▶ WHAT TO DO: Locate the line that contains "GOT TALENT ESPAÑA / T5 297 12,4 0,7". Print it and every subsequent line through the final line of the records, exactly and only those.

(TASK MATERIAL begins)

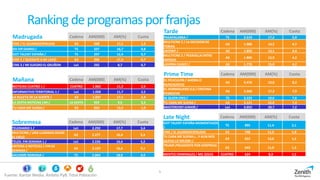 5
Ranking deprogramasporfranjas
Fuente: Kantar Media. Ámbito PyB. Total Población
Madrugada Cadena AM(000) AM(%) Cuota
CINE / EL GUARDAESPALDAS A3 568 17,1 1,3
GH VIP:DIARIO / T5 337 16,7 0,8
GOT TALENT ESPAÑA / T5 297 12,4 0,7
CINE 2 / QUEDATE A MI LADO A3 296 17,3 0,7
CINE 3 / MI SUEGRO EL GRUÑON La1 292 8,7 0,7
Tarde Cadena AM(000) AM(%) Cuota
PASAPALABRA / T5 2.519 17,2 5,9
MULTICINE 2 / LA DECISION DE
TOBIAS
A3 1.988 14,2 4,7
¡BOOM! / A3 1.856 13,1 4,4
MULTICINE 2 / PESADILLA ENTRE
AMIGAS
A3 1.806 13,9 4,2
¡AHORA CAIGO! / A3 1.770 15,0 4,2
Prime Time Cadena AM(000) AM(%) Cuota
EL PELICULON / AHORA O
NUNCA(2015)
A3 3.476 19,0 8,2
EL HORMIGUERO 3.0 / CRISTINA
PEDROCHE
A3 3.368 17,2 7,9
SE QUIEN ERES / T5 3.223 19,6 7,6
TU CARA ME SUENA / A3 3.121 22,0 7,3
MASTERCHEF JUNIOR / La1 3.053 20,7 7,2
Mañana Cadena AM(000) AM(%) Cuota
NOTICIAS CUATRO 1 / CUATRO 1.062 11,3 2,5
INFORMATIVO TERRITORIAL 1 / La1 1.058 11,7 2,5
LA RULETA DE LA SUERTE / A3 1.037 17,1 2,4
LA SEXTA NOTICIAS 14H / LA SEXTA 924 9,6 2,2
TU CARA ME SUENA / A3 824 13,3 1,9
Late Night Cadena AM(000) AM(%) Cuota
GOT TALENT ESPAÑA:MOMENTAZOS
/
T5 895 11,4 2,1
CINE / EL GUARDAESPALDAS A3 748 11,5 1,8
TU CARA ME SUENA:¡...Y AUN NOS
QUEDA LO MEJOR! /
A3 652 13,0 1,5
TRUMP,PRESIDENTE POR SORPRESA
/
A3 643 11,0 1,5
MENTES CRIMINALES / MIL SOLES CUATRO 624 8,3 1,5
Sobremesa Cadena AM(000) AM(%) Cuota
TELEDIARIO 1 / La1 2.292 17,7 5,4
MULTICINE / UNA LLAMADA DESDE
EL CIELO
A3 2.277 16,4 5,4
TELED. FIN SEMANA 1 / La1 2.226 16,6 5,2
ANTENA 3 NOTICIAS 1 FIN DE
SEMANA /
A3 2.159 16,6 5,1
SALVAME NARANJA / T5 2.064 18,0 4,9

(TASK MATERIAL ends)

▶ PROBLEM SOLUTION:
GOT TALENT ESPAÑA / T5 297 12,4 0,7
CINE 2 / QUEDATE A MI LADO A3 296 17,3 0,7
CINE 3 / MI SUEGRO EL GRUÑON La1 292 8,7 0,7
Tarde Cadena AM(000) AM(%) Cuota
PASAPALABRA / T5 2.519 17,2 5,9
MULTICINE 2 / LA DECISION DE
TOBIAS
A3 1.988 14,2 4,7
¡BOOM! / A3 1.856 13,1 4,4
MULTICINE 2 / PESADILLA ENTRE
AMIGAS
A3 1.806 13,9 4,2
¡AHORA CAIGO! / A3 1.770 15,0 4,2
Prime Time Cadena AM(000) AM(%) Cuota
EL PELICULON / AHORA O
NUNCA(2015)
A3 3.476 19,0 8,2
EL HORMIGUERO 3.0 / CRISTINA
PEDROCHE
A3 3.368 17,2 7,9
SE QUIEN ERES / T5 3.223 19,6 7,6
TU CARA ME SUENA / A3 3.121 22,0 7,3
MASTERCHEF JUNIOR / La1 3.053 20,7 7,2
Mañana Cadena AM(000) AM(%) Cuota
NOTICIAS CUATRO 1 / CUATRO 1.062 11,3 2,5
INFORMATIVO TERRITORIAL 1 / La1 1.058 11,7 2,5
LA RULETA DE LA SUERTE / A3 1.037 17,1 2,4
LA SEXTA NOTICIAS 14H / LA SEXTA 924 9,6 2,2
TU CARA ME SUENA / A3 824 13,3 1,9
Late Night Cadena AM(000) AM(%) Cuota
GOT TALENT ESPAÑA:MOMENTAZOS
/
T5 895 11,4 2,1
CINE / EL GUARDAESPALDAS A3 748 11,5 1,8
TU CARA ME SUENA:¡...Y AUN NOS
QUEDA LO MEJOR! /
A3 652 13,0 1,5
TRUMP,PRESIDENTE POR SORPRESA
/
A3 643 11,0 1,5
MENTES CRIMINALES / MIL SOLES CUATRO 624 8,3 1,5
Sobremesa Cadena AM(000) AM(%) Cuota
TELEDIARIO 1 / La1 2.292 17,7 5,4
MULTICINE / UNA LLAMADA DESDE
EL CIELO
A3 2.277 16,4 5,4
TELED. FIN SEMANA 1 / La1 2.226 16,6 5,2
ANTENA 3 NOTICIAS 1 FIN DE
SEMANA /
A3 2.159 16,6 5,1
SALVAME NARANJA / T5 2.064 18,0 4,9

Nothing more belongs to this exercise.